Exercise objective: Please print the entries below exactly, from the line with "JYG Freimaurer-Handschuhe Past" through the line with "Cooksmart Double Oven", including both of those lines and leaving out all others.

The input:
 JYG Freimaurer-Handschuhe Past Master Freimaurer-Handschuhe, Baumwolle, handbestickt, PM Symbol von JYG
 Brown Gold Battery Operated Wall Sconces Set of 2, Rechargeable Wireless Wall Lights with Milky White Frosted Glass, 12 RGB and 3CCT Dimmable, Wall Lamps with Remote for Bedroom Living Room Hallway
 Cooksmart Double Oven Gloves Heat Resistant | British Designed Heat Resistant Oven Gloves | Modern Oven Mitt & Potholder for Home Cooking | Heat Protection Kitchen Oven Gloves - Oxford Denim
--
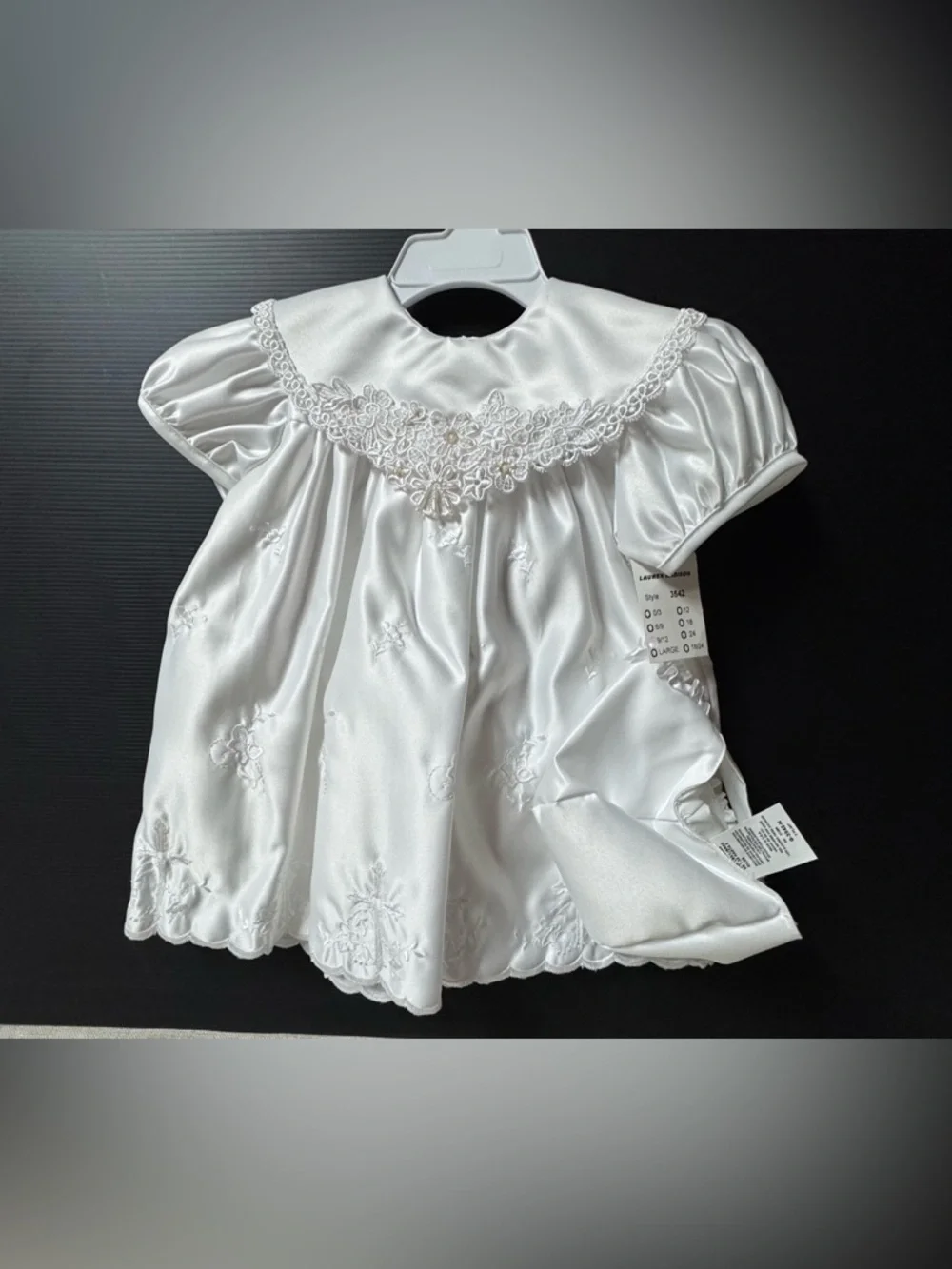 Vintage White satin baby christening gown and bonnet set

Response:
 JYG Freimaurer-Handschuhe Past Master Freimaurer-Handschuhe, Baumwolle, handbestickt, PM Symbol von JYG
 Brown Gold Battery Operated Wall Sconces Set of 2, Rechargeable Wireless Wall Lights with Milky White Frosted Glass, 12 RGB and 3CCT Dimmable, Wall Lamps with Remote for Bedroom Living Room Hallway
 Cooksmart Double Oven Gloves Heat Resistant | British Designed Heat Resistant Oven Gloves | Modern Oven Mitt & Potholder for Home Cooking | Heat Protection Kitchen Oven Gloves - Oxford Denim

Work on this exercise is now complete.